Exercise directions |
A verbatim copy of the lines from the one with "Talk to me N.002 - Framed Canvas" through the final line below is required; print it and nothing else.

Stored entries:
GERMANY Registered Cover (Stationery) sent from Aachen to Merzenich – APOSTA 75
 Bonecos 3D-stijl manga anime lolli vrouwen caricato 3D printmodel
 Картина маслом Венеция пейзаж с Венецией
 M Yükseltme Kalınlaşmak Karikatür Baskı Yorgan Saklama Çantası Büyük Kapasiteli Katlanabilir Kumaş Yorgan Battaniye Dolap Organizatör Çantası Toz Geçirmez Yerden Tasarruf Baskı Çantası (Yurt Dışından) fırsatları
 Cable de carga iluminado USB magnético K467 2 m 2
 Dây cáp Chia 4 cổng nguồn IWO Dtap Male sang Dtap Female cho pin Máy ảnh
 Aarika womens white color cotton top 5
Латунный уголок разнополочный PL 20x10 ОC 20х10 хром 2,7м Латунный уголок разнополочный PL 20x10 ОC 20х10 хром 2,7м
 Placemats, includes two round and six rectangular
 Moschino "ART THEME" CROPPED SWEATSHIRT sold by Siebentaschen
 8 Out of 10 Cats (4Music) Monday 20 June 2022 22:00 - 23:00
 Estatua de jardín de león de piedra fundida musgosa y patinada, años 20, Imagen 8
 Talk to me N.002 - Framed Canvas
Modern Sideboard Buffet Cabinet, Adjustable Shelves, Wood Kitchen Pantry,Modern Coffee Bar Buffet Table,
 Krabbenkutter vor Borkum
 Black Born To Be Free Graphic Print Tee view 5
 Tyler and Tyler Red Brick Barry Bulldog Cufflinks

Exercise response |
 Talk to me N.002 - Framed Canvas
Modern Sideboard Buffet Cabinet, Adjustable Shelves, Wood Kitchen Pantry,Modern Coffee Bar Buffet Table,
 Krabbenkutter vor Borkum
 Black Born To Be Free Graphic Print Tee view 5
 Tyler and Tyler Red Brick Barry Bulldog Cufflinks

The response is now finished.